What is expected: Please retype the data below line for line and leave out every picture.

Data excerpt:
=-=-=

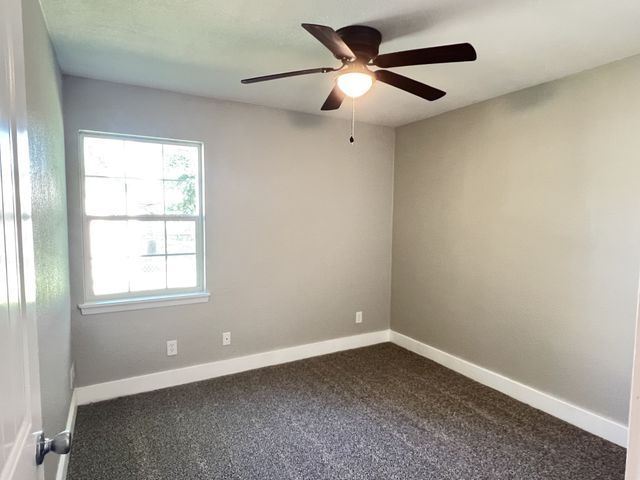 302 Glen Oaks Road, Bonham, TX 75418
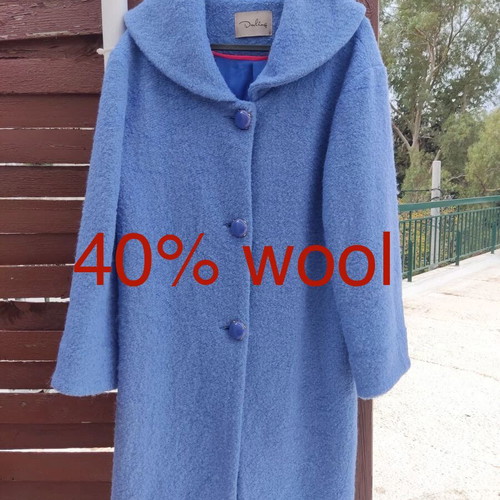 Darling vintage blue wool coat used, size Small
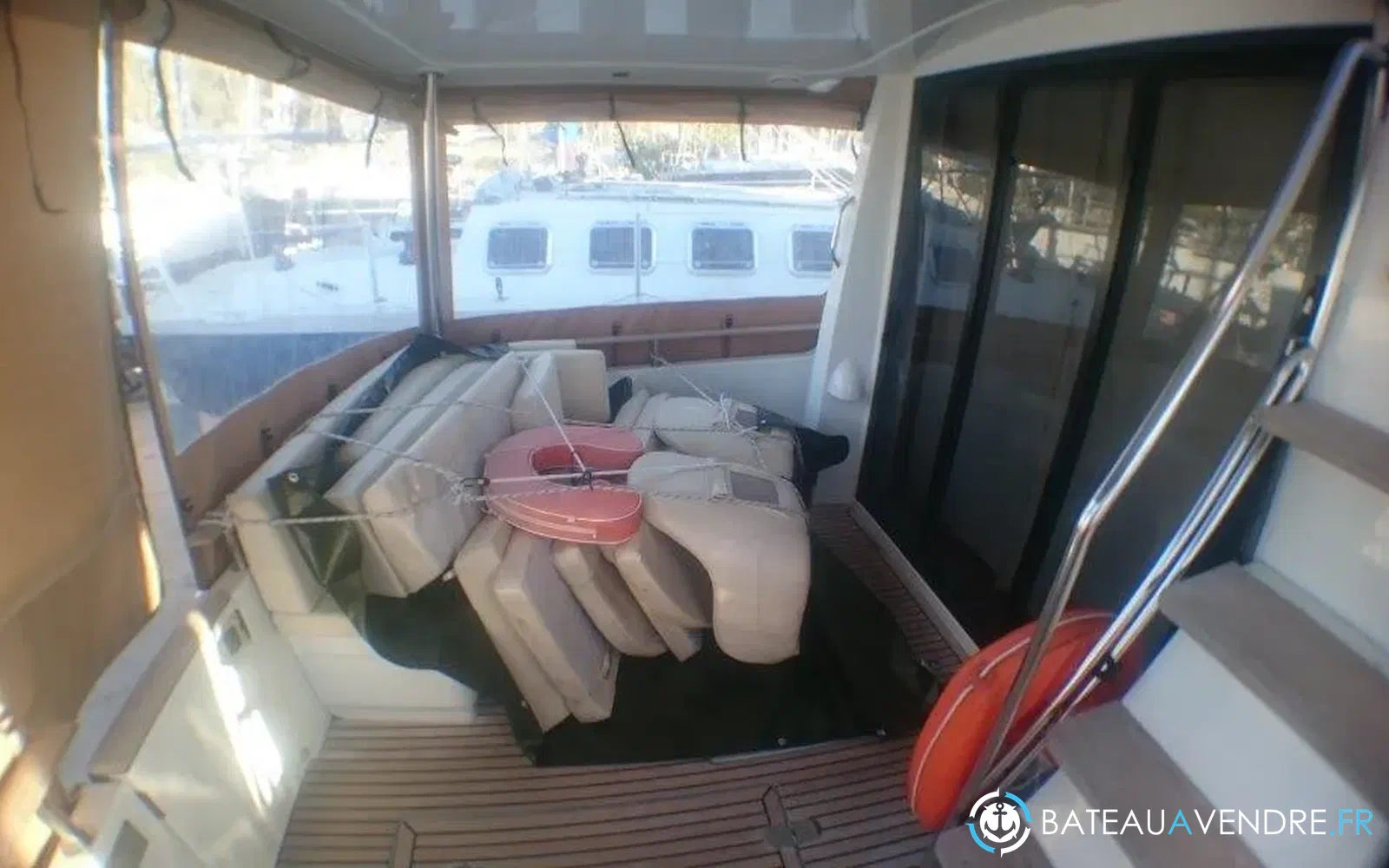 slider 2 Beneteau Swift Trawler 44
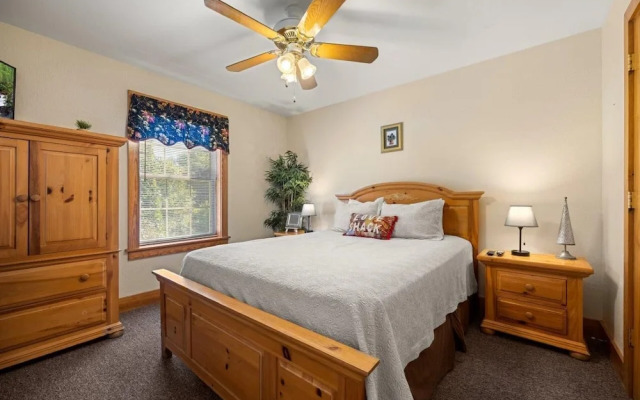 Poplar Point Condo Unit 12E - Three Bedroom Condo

=-=-=

Exercise output:
 302 Glen Oaks Road, Bonham, TX 75418
 Darling vintage blue wool coat used, size Small
 slider 2 Beneteau Swift Trawler 44
 Poplar Point Condo Unit 12E - Three Bedroom Condo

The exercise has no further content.